Heavy Chronic Intermittent Ethanol Exposure Alters Small Noncoding RNAs in Mouse Sperm and Epididymosomes

• Published in: Frontiers in genetics Vol. 9; p. 32
• Main Authors: Rompala, Gregory R, Mounier, Anais, Wolfe, Cody M, Lin, Qishan, Lefterov, Iliya, Homanics, Gregg E
• Format: Journal Article
• Language: English
• Published: Switzerland Frontiers Media S.A 08.02.2018
• Subjects: epididymosomes; epigenetics; ethanol; Genetics; noncoding RNA; sperm; sperm; noncoding RNA; epididymosomes; ethanol; epigenetics
• ISSN: 1664-8021; 1664-8021
• DOI: 10.3389/fgene.2018.00032

While the risks of maternal alcohol abuse during pregnancy are well-established, several preclinical studies suggest that chronic preconception alcohol consumption by either parent may also have significance consequences for offspring health and development. Notably, since isogenic male mice used in these studies are not involved in gestation or rearing of offspring, the cross-generational effects of paternal alcohol exposure suggest a germline-based epigenetic mechanism. Many recent studies have demonstrated that the effects of paternal environmental exposures such as stress or malnutrition can be transmitted to the next generation via alterations to small noncoding RNAs in sperm. Therefore, we used high throughput sequencing to examine the effect of preconception ethanol on small noncoding RNAs in sperm. We found that chronic intermittent ethanol exposure altered several small noncoding RNAs from three of the major small RNA classes in sperm, tRNA-derived small RNA (tDR), mitochondrial small RNA, and microRNA. Six of the ethanol-responsive small noncoding RNAs were evaluated with RT-qPCR on a separate cohort of mice and five of the six were confirmed to be altered by chronic ethanol exposure, supporting the validity of the sequencing results.

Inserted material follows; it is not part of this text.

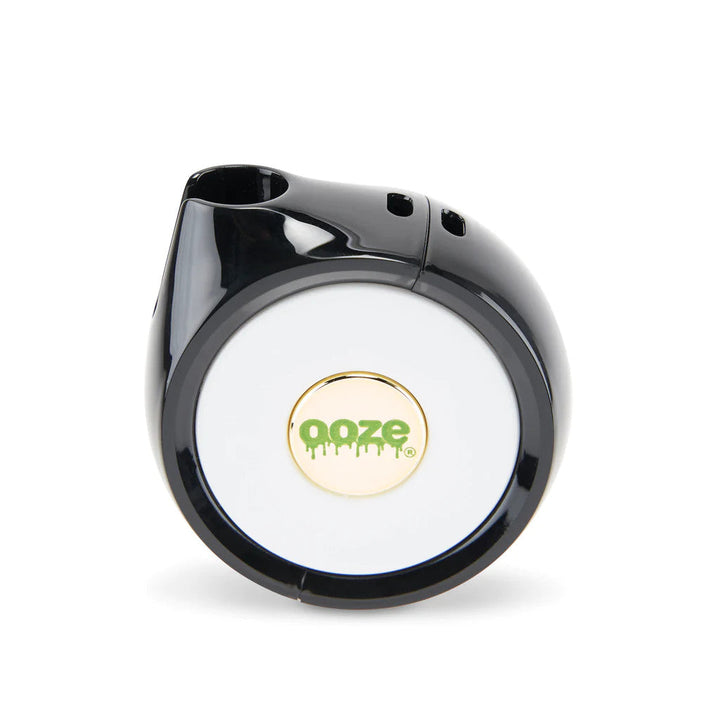 Ooze Movez 510 Vape Battery with Bluetooth Speaker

In addition to altered sperm RNA abundance, chronic ethanol exposure affected post-transcriptional modifications to sperm small noncoding RNAs, increasing two nucleoside modifications previously identified in mitochondrial tRNA. Furthermore, we found that chronic ethanol reduced epididymal expression of a tRNA methyltransferase, , known to directly regulate tDR biogenesis. Finally, ethanol-responsive sperm tDR are similarly altered in extracellular vesicles of the epididymis (i.e., epididymosomes), supporting the hypothesis that alterations to sperm tDR emerge in the epididymis and that epididymosomes are the primary source of small noncoding RNAs in sperm. These results add chronic ethanol to the growing list of paternal exposures that can affect small noncoding RNA abundance and nucleoside modifications in sperm. As small noncoding RNAs in sperm have been shown to causally induce heritable phenotypes in offspring, additional research is warranted to understand the potential effects of ethanol-responsive sperm small noncoding RNAs on offspring health and development.